Le voilà qui était installé dans son fauteuil habituel, sur lequel se trouvait ce coussin portant le drapeau du pays, dans ce salon plongé dans la pénombre d'une journée qui lui avait semblé être sans fin. Comme toutes les autres. Big Ben sonnait déjà ses neuf coups du soir, mais cela n'alarma en rien le soldat qui se contenta de jeter un regard à la fenêtre pour ensuite le reporter sur ce fauteuil toujours aussi vide, face au sien.
Plus de coups de feu, plus de membres ensanglantés dans le réfrigérateur non plus. Plus de cris de désespoir à la recherche d'une quelconque marque de nicotine. Plus rien du tout. Rien qu'un silence pesant parfois brièvement interrompu par Mrs Hudson qui venait vérifier – du moins, c'était l'impression qu'il en avait – qu'il n'ait besoin de rien.
- La seule chose dont j'ai vraiment besoin ne peut m'être accordée, Mrs Hudson.
Elle ne le comprenait que trop bien, mais cela ne l'empêchait guère de se faire du souci pour cet homme qui, il y a quelques mois encore, rayonnait en compagnie d'un compagnon peu ordinaire. Aujourd'hui, le médecin qu'était John Watson avait perdu toute raison de sourire, de rire aussi.
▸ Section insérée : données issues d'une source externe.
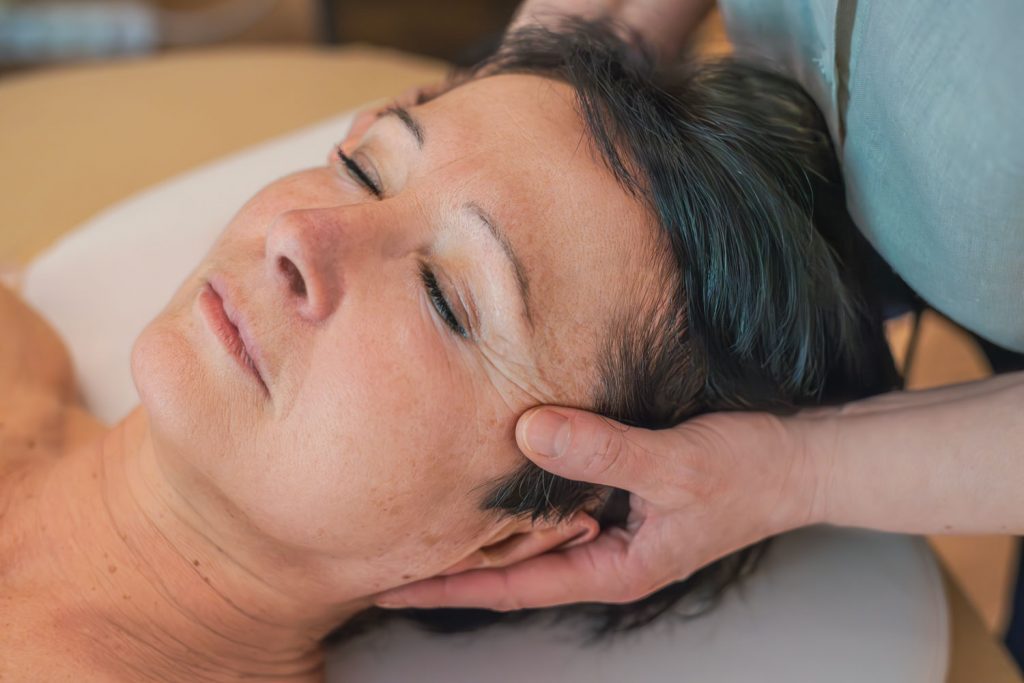 Susan Mehr massiert mit den Daumen die Schläfen einer Kundin während der Gesichts- und Kopfmassage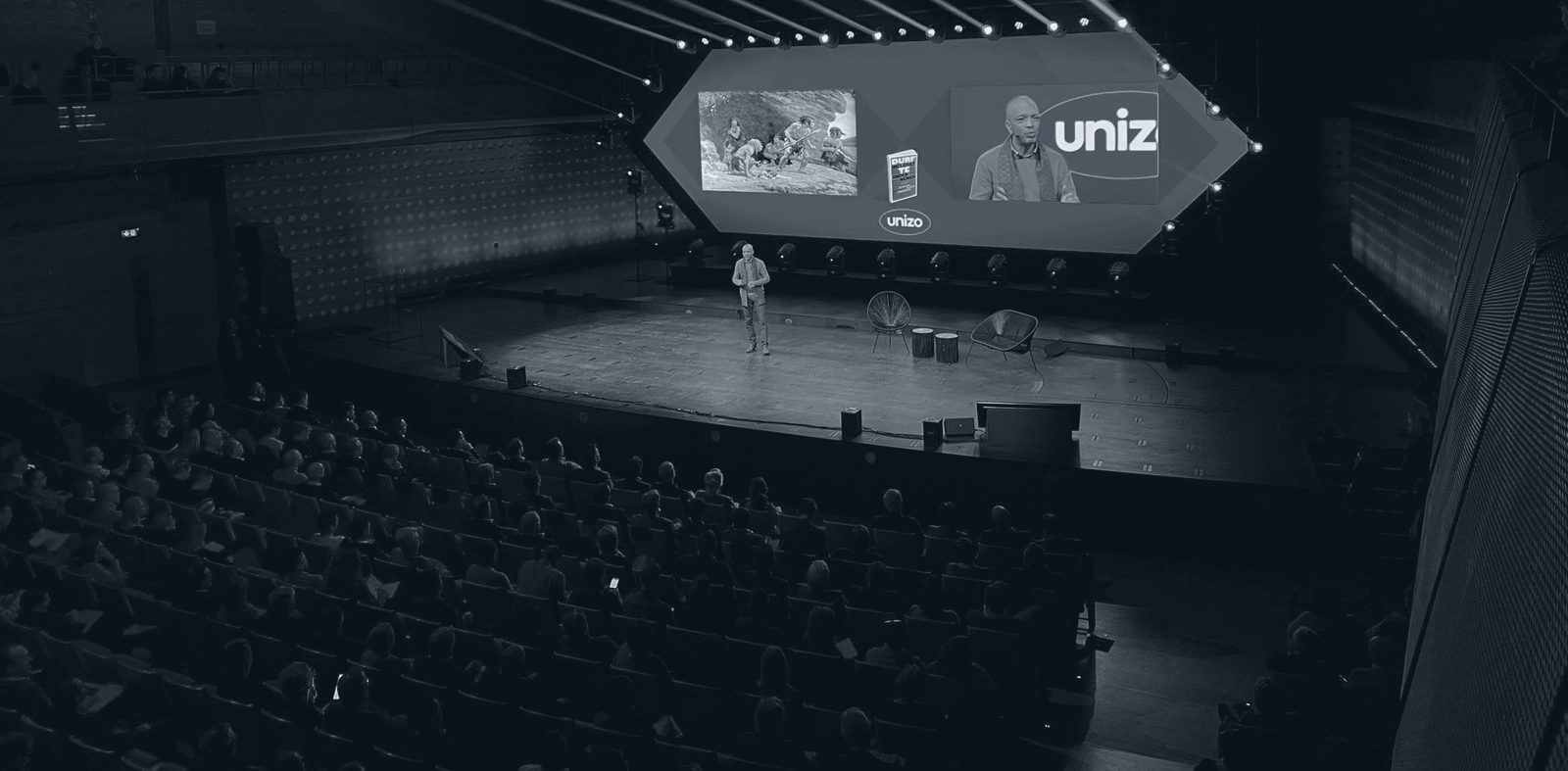 Rachid Et-Taïbi delivering a keynote to a full auditorium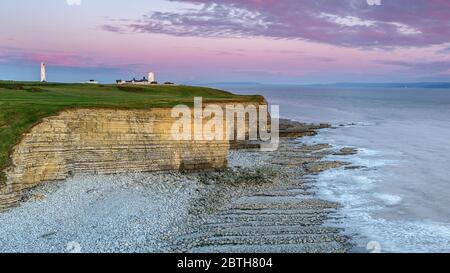 Phare de Nash point, sud du pays de Galles, au coucher du soleil. Le phare est situé au sommet de falaises abruptes, surplombant le canal de Bristol Banque D'Images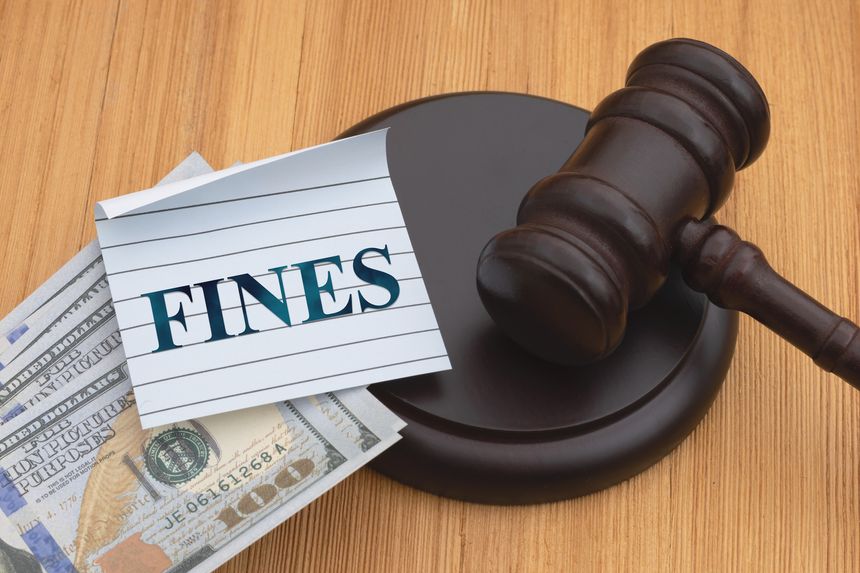 Fines message with judge gavel and block with money on wood desk for penalties, legal fees, court charges, and financial consequences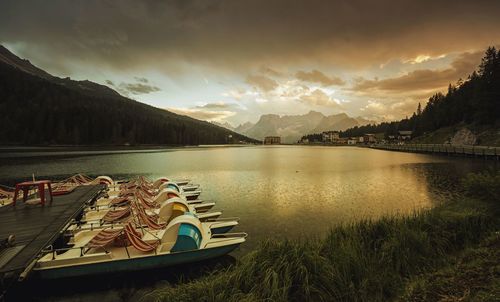 Paddleboats moored on lake misurina against cloudy sky during sunset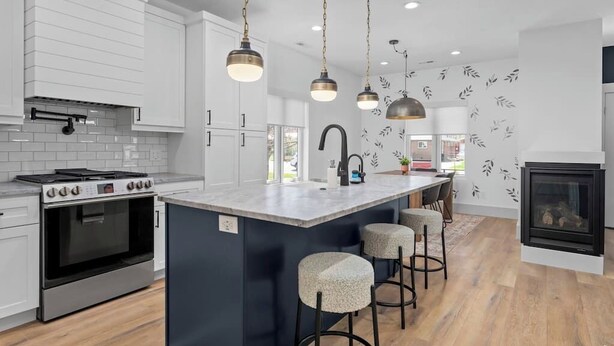 A modern kitchen with white cabinetry, a central island with stools, pendant lighting, and a fireplace. - Mountain Home near Lakes w/Hot Tub & Putting Green (Heber City)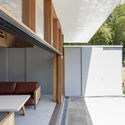 Off Grid House in Yokohama / abanba - Houses, Courtyard, Facade, Door, Handrail, Table, Bench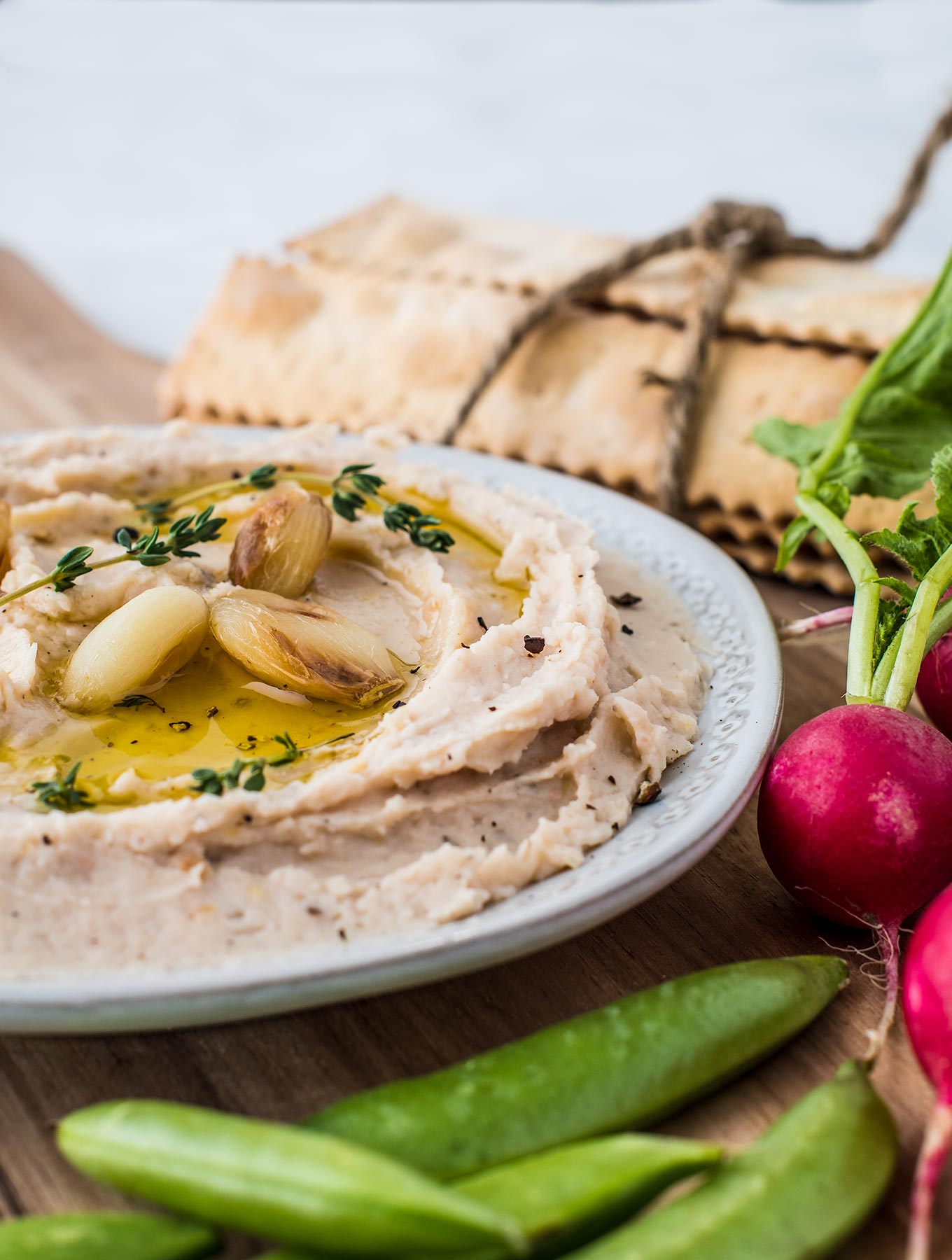 Bowl of roasted garlic bean dip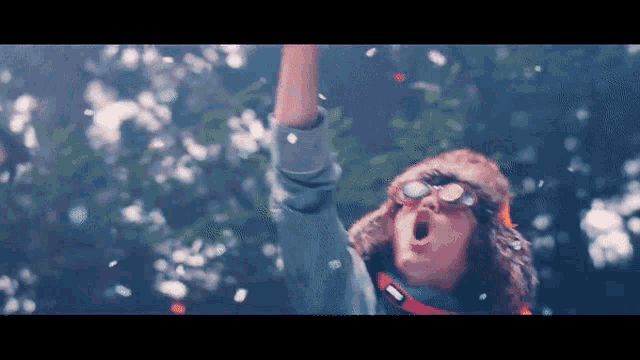 a man wearing a fur hat and goggles is standing in the snow with his arm in the air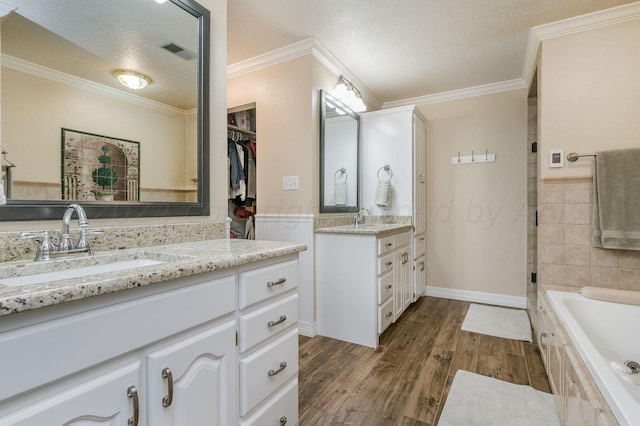 full bath featuring a sink, a textured ceiling, a bathtub, wood finished floors, and visible vents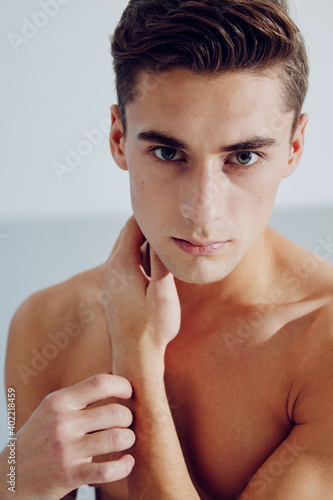 Cute guy touches his neck with his hand portrait of a naked torso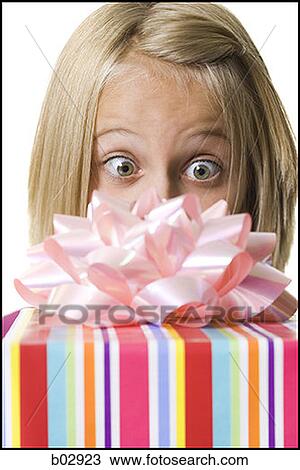 Young girl holding a gift View Large Photo Image Stock Image - Young girl holding a gift. Fotosearch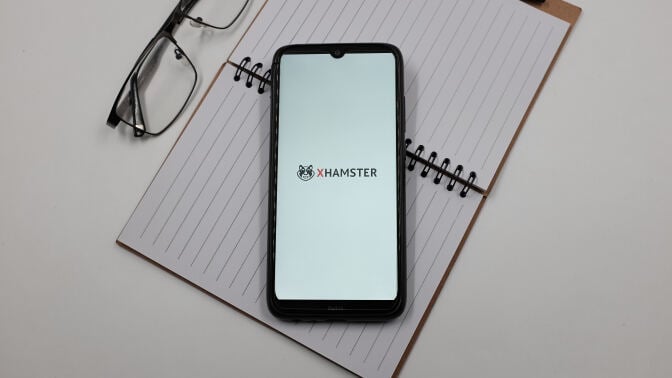 In this photo illustration a xHamster logo is displayed on a smartphone screen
Son meilleur ami n'était plus.
- John, je sais que vous n'aimez pas en parler mais…peut-être devriez-vous songer à trouver un autre colocataire.
Cette idée horrifia de suite John qui ferma les yeux, s'interdisant de verser une larme de plus que celles qu'il avait déjà versé au cours de ces derniers mois. Il lui semblait n'avoir fait que cela depuis que Sherlock avait sauté du toit de l'hôpital.
- C'est trop tôt.
- Vous ne devriez pas…
- Rester seul. Je sais. Lestrade me l'a encore dit hier. Mais je préfère la solitude à la compagnie d'un ignare qui ne saurait lui arriver à la cheville.
- Je ne vous demande pas de le remplacer, John.
- Jamais, Mrs Hudson. Jamais je ne le remplacerai.
Personne ne pourrait remplacer Sherlock Holmes.